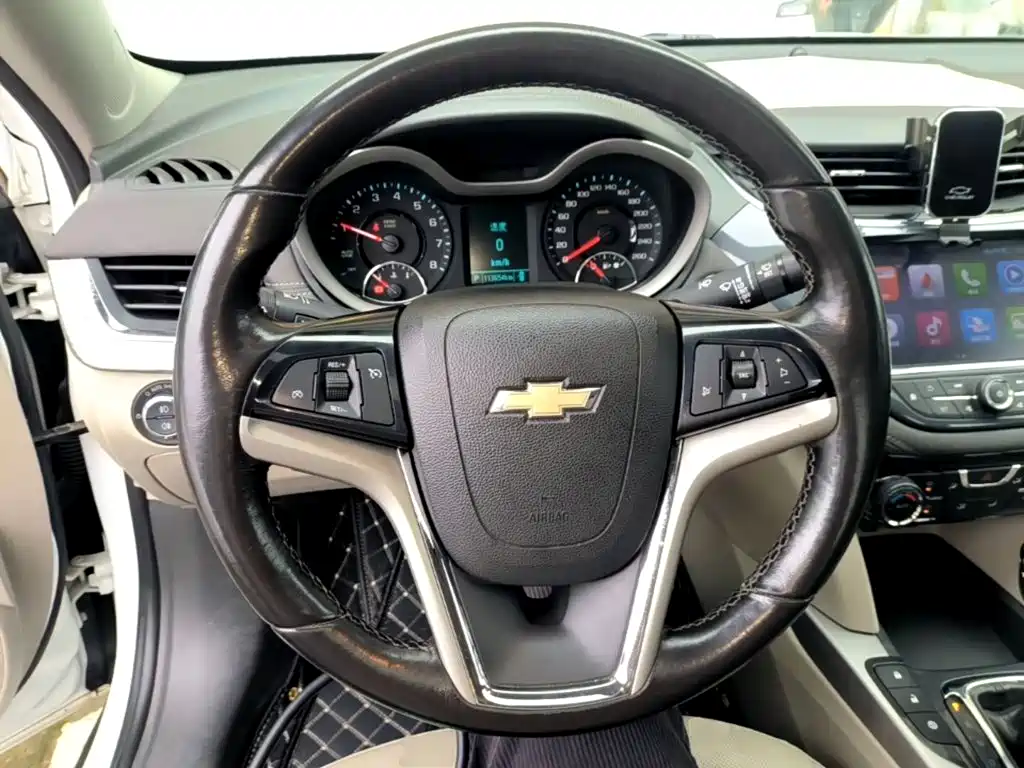 Chevrolet Malibu 2016 — фото 11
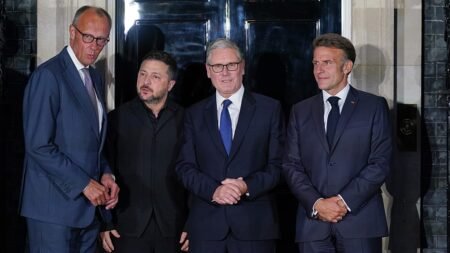 UK, France, Germany back Zelenskyy’s call for Putin meeting in London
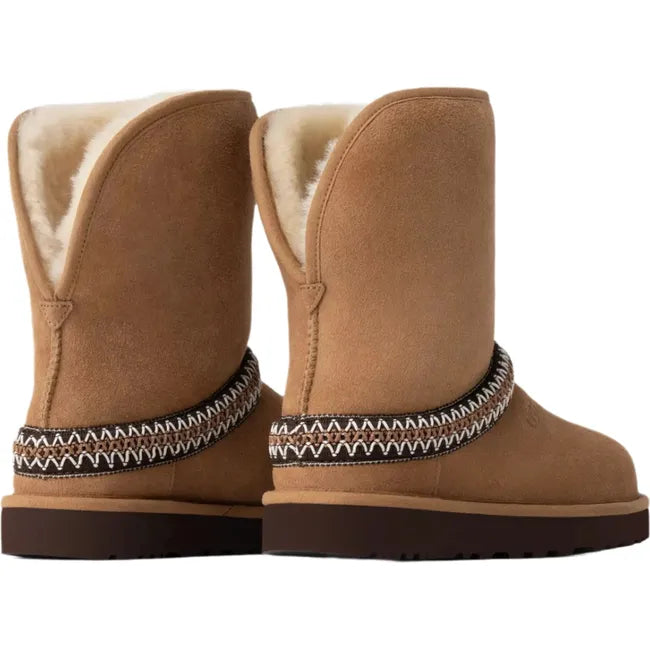 UGG Women's Classic Short Crescent Boot Chestnut 1161770-CHE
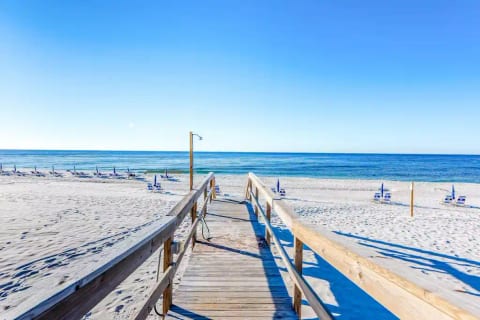 Oceanfront | Gated Entry | Pool | King Bed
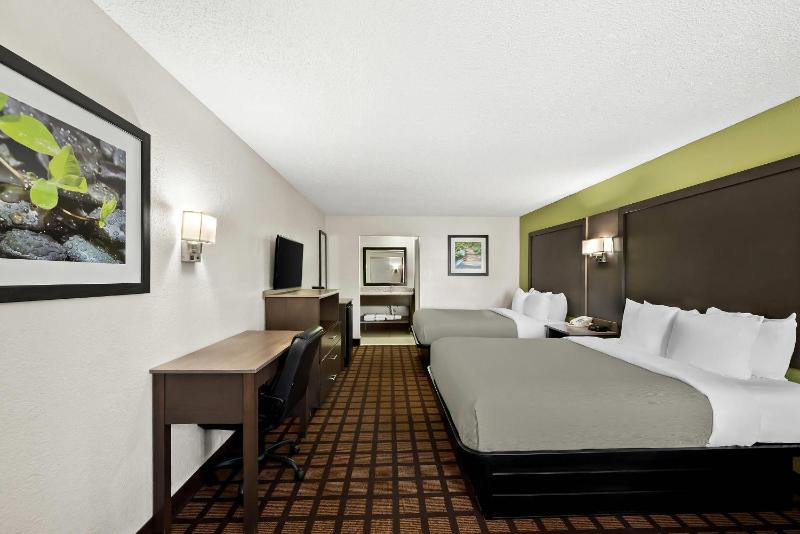 Queen Room with Two Queen Beds - Non-Smoking image 1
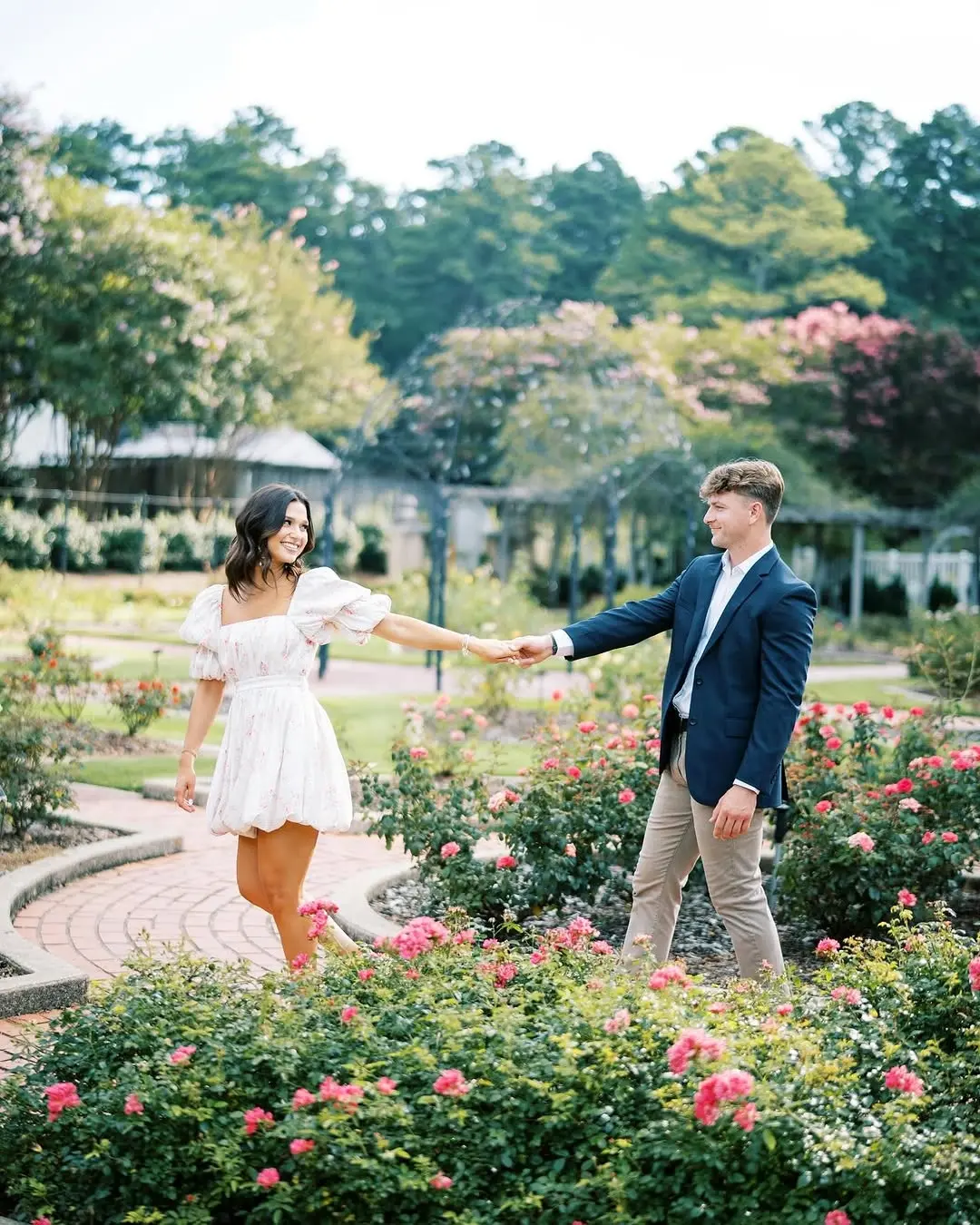 Charming spring outfits for engagement photos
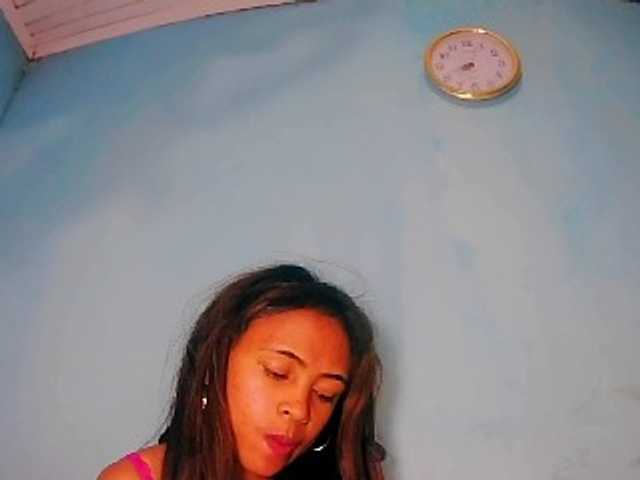 prettygirls11 live cam on BongaCams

Task description. Return each entry above unchanged. Leave the pictures out.

Completed task.
 Chevrolet Malibu 2016 — фото 11
 UK, France, Germany back Zelenskyy’s call for Putin meeting in London
 UGG Women's Classic Short Crescent Boot Chestnut 1161770-CHE
 Oceanfront | Gated Entry | Pool | King Bed
 Queen Room with Two Queen Beds - Non-Smoking image 1
 Charming spring outfits for engagement photos
 prettygirls11 live cam on BongaCams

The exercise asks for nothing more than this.